His mother waved it off. “The point is that we’re heading down there in a month and we’d love it if you could join us.”

“Thank you very much for the invitation, but I haven’t been working at the library long enough to get vacation time,” his little Tinkerbelle explained with a blush and a smile.

“But, if you were able to get time off?” his mother asked with a familiar gleam in her eyes that he knew all too well.

“Then I would still have to decline, because a trip to Florida is out of my budget at the moment,” she said with that same smile, but that blush……

It deepened.

“Oh, sweetie, we wouldn’t expect you to buy your own ticket,” his mother said with a reassuring smile.

“I’m sorry, but I wouldn’t feel comfortable with that,” Jodi said softly, shifting her attention down to her plate in an attempt to hide her embarrassment, but he saw it.

He saw everything.

He knew that she made good money, was frugal, never so much as bought a candy bar without planning it into her budget, but he also knew that she was broke. She was barely getting by and was living paycheck to paycheck. She made every cent count, but she was still struggling and he didn’t know why.

“Neither would I,” he said, picking his fork back up to push a corn kernel around his plate. “I’m more than capable of taking care of our tickets.”

“So, you’ll go?” his mother asked, perking up.

“No, I’m sorry.”

“Then why are you taking the time off?” Aidan, the bastard, asked.

Because he’d been looking forward to two weeks without his family, without anyone fussing over him, calling him a thousand times a day to make sure that he was okay, that he was eating enough, that he was taking his medication and getting enough sleep. As soon as his mother had announced their annual family trip, he’d gone to Uncle Jared and requested the time off with plans on staying in his apartment with his books and beautiful silence. But now….

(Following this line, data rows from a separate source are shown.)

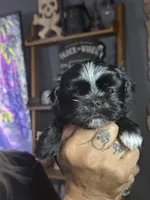 Black Male, a male Shih Tzu for sale in Saint Cloud, MN – 1 of 7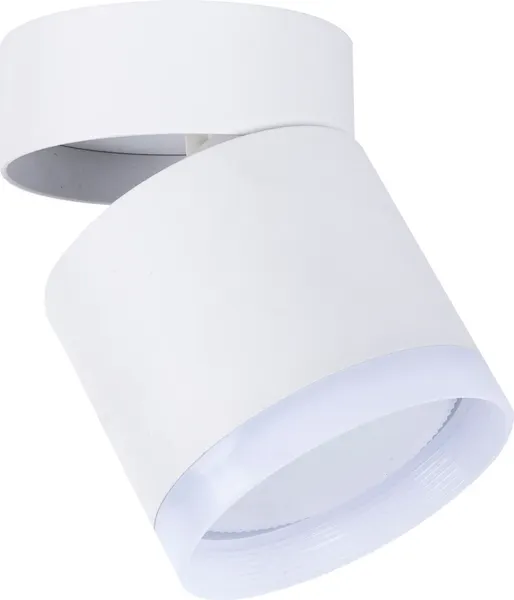 Спот FAVOURITE Dixi 4709-1C - фото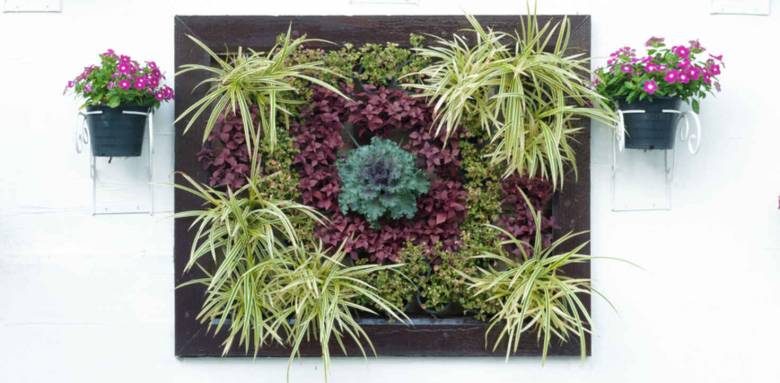 Le mur végétalisé comme idée Déco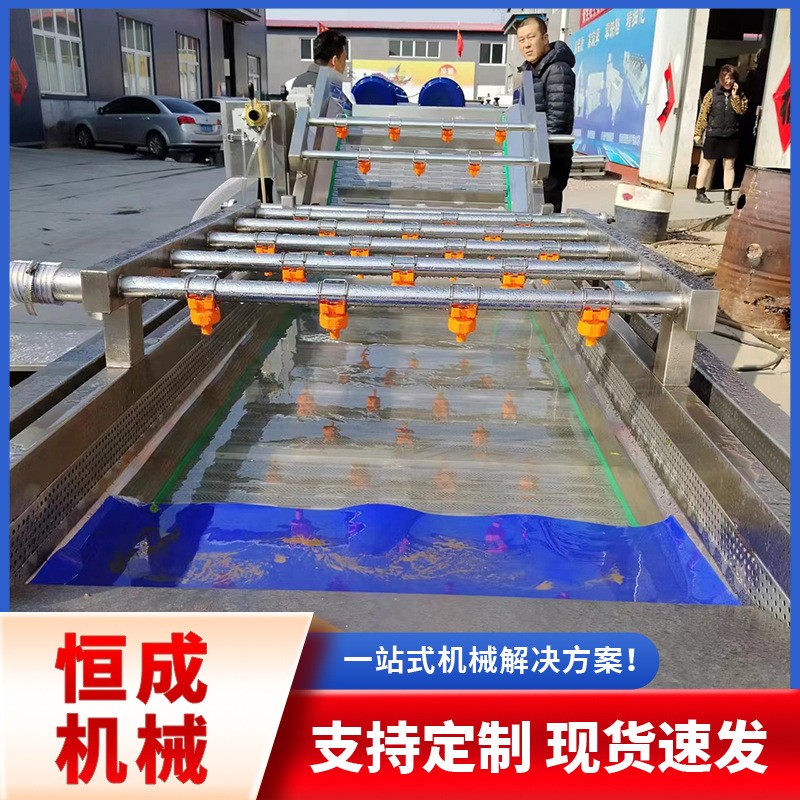 全自动药材把白菜萝卜清洗机蔬菜高压冲洗清洗流水线厂家直销优惠图2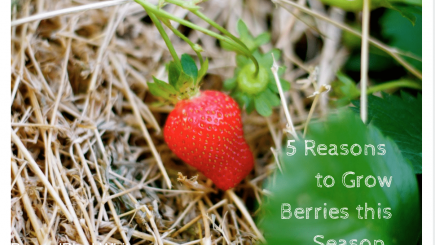 food, health, vitamins, fruits, nutrition, gardening, lifestyle, hobby, berries, strawberries, blueberries, blackberries,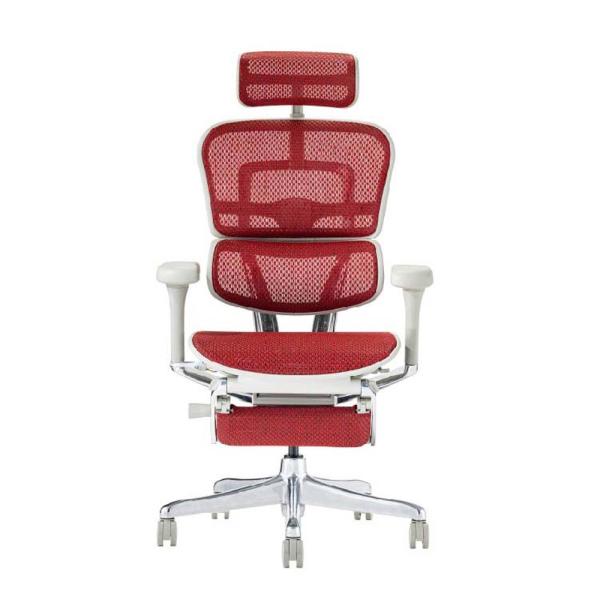 関家具 エルゴヒューマン プロ2 オットマン グレーフレーム EHP2-LPL-DR-GF-RD レ...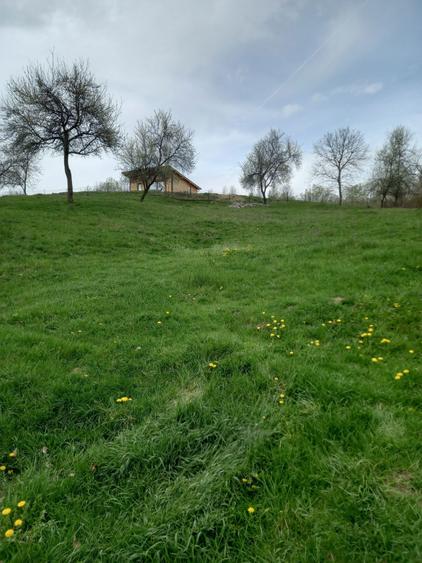 Teren de 3000 mp, în Căpățânenii Pământeni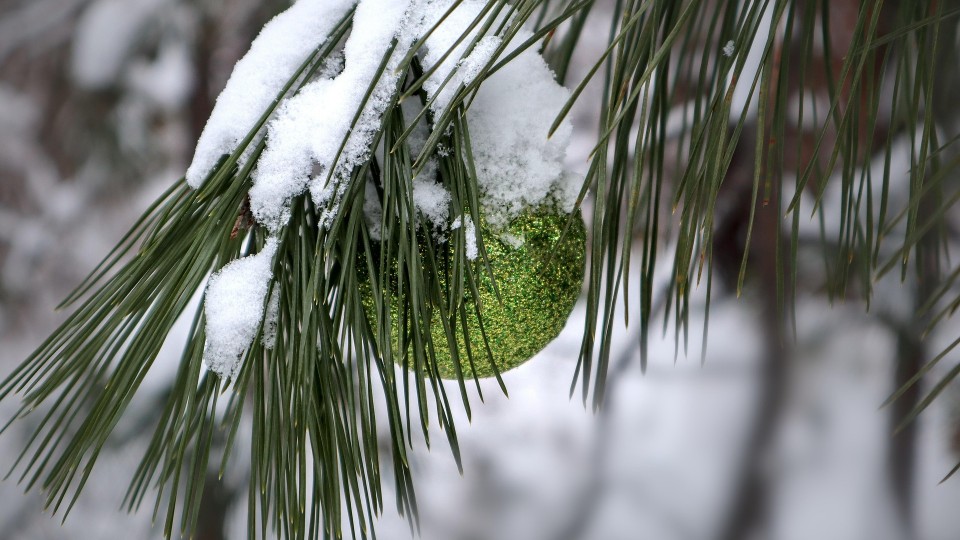 Rheinland-Pfalz – Wetter an Weihnachten 2025 Rheinland-Pfalz – Wetter an Weihnachten 2025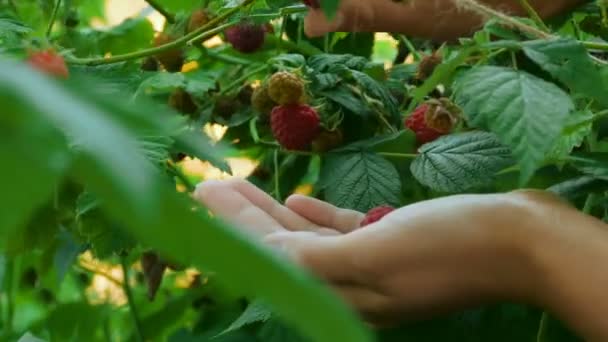 收获在农场树莓 — 图库视频影像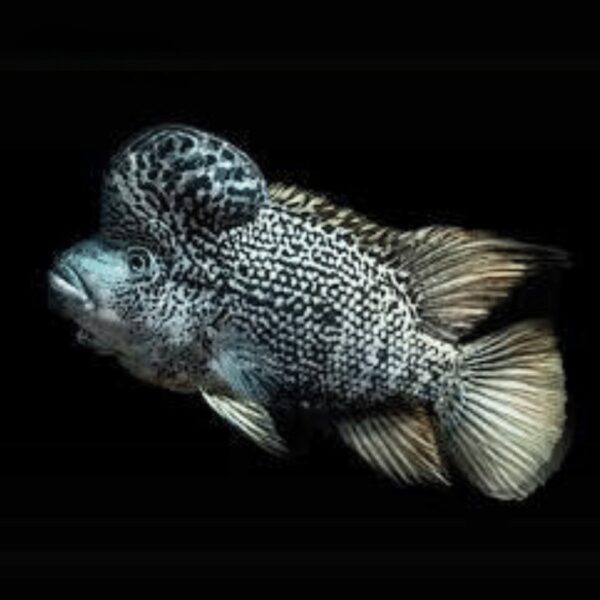 BLACK NASTY CICHLIDS 4-6CM (RARE)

Now he wanted to spend those two weeks in bed with Tinkerbelle, but that wasn’t going to happen. They were taking things slow….very slow…… No matter how much it was killing him or how badly he needed to tear her clothes off and slide inside her, he was going to take this slow and do this right. Just thinking about all the things that he wasn’t allowing himself to do to her had him shifting discreetly in his chair.

“I made plans,” he said, looking up to give his mother an apologetic smile and wishing that he hadn’t seen the hurt expression on his mother’s face.

“Oh,” his mother said, giving him a trembling smile as she looked away, but not before the expression on her face made him feel like the biggest asshole to ever walk the face of the planet.